Snowflake is now capable of near real-time data ingestion, data integration, and data queries at an incredible scale. This article explains how Snowflake uses Kafka to capture real-time data, with results available on Tableau dashboards within minutes.
It summarises the challenges, the components needed, and why the traditional approach (the Lambda Architecture) is no longer a sensible strategy for delivering real-time data queries at scale.
Real-Time Data Requirements
The requirements include capturing, transforming, and analyzing data at a potentially massive velocity in near real-time. This involves capturing data from millions of electronic sensors and transforming and storing the results for real-time analysis on dashboards. The solution must minimize latency – the delay between a real-world event and its impact on dashboards- by a few minutes.
Typical applications include: -
Monitoring Machine Sensors: Using embedded sensors in industrial machines or vehicles. For example, Progressive Insurance uses real-time speed data to help analyze customer behavior and deliver appropriate discounts. Logistics giant FedEx uses similar technology, SenseAware, to provide near real-time parcel tracking.
Fraud Detection: To assess the risk of credit card fraud before authorizing or declining the transaction. This can be based upon a simple report of a lost or stolen card or, more likely, an analysis of aggregate spending behavior aligned with machine learning techniques.
Customer Sentiment Analysis: Used by many retail operations, this involves capturing and analyzing social media feeds, including Twitter and Facebook. In addition to the velocity challenge, the data is provided in JSON format, and the structure is likely to change over time.
What's the Problem?
The primary challenge for systems architects is the potentially massive throughput required, which could exceed a million transactions per second. NoSQL databases can handle the data velocity but have the disadvantages associated with a lack of SQL access, no transaction support, and eventual consistency. Finally, they don't support flexible join operations, and analytic query options are limited or non-existent. This means you can quickly retrieve a key-value pair for an event, but analyzing the data is a severe challenge.
However, it doesn’t stop there.
Real-time Components
The diagram above illustrates the main architectural components needed to solve this problem. This includes:
Data Capture
High-Velocity Data Capture: The ability to capture high-velocity message streams in hundreds of megabytes per second from multiple data sources.
Message Queuing: We can expect short-term spikes in data volume, which implies a message-handling solution to avoid scaling up the entire solution in the worst-case scenario.
Guaranteed message delivery implies a scale-out, fault-tolerant, highly available solution that gracefully handles individual node failure and guarantees message delivery.
Architectural Separation: Decouple the source systems from the messaging, transformation, and data storage components. Ideally, the solution should allow independent scaling of each component in the stack.
Transformation
Data integration: The transformation process must almost certainly combine real-time transaction streams with existing reference data from databases and other data sources. The solution must, therefore, provide excellent data source connectivity and seamless integration with other sources.

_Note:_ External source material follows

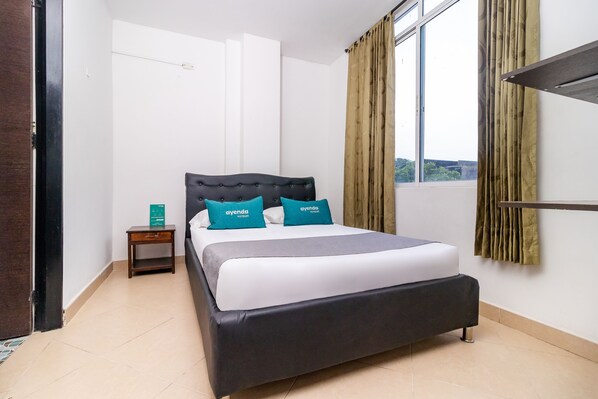 Hypo-allergenic bedding, free WiFi, bed sheets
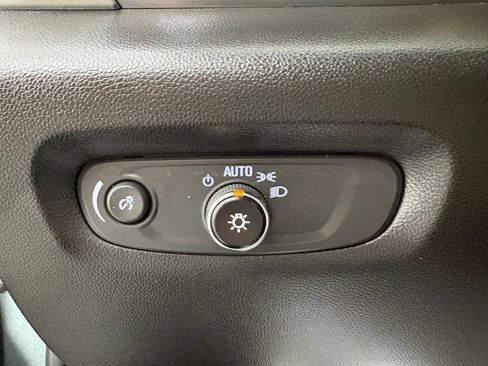 Used 2022 Chevrolet Traverse LT AWD/4WD image 21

Guaranteed once-only processing: The transformation process needs to be resilient to failure and re-start operations, effectively guaranteeing that every message will be processed once only.
Massively Scalable: While the data capture component will help smooth out massive spikes in velocity, the solution must transparently scale to deal with regular and unexpected workloads.
Storage and Analytics
Unlimited Data Storage: The data storage solution must be capable of accepting, processing, and storing millions of transactions, ideally in a single repository. This implies an almost unlimited data storage capacity, combining Data Lake and analytics capability on a single platform.
Dashboard Connectivity: The solution must support open connectivity standards, including JDBC and ODBC, to support Business Intelligence and dashboards. Capturing data is of little value if it cannot be analyzed.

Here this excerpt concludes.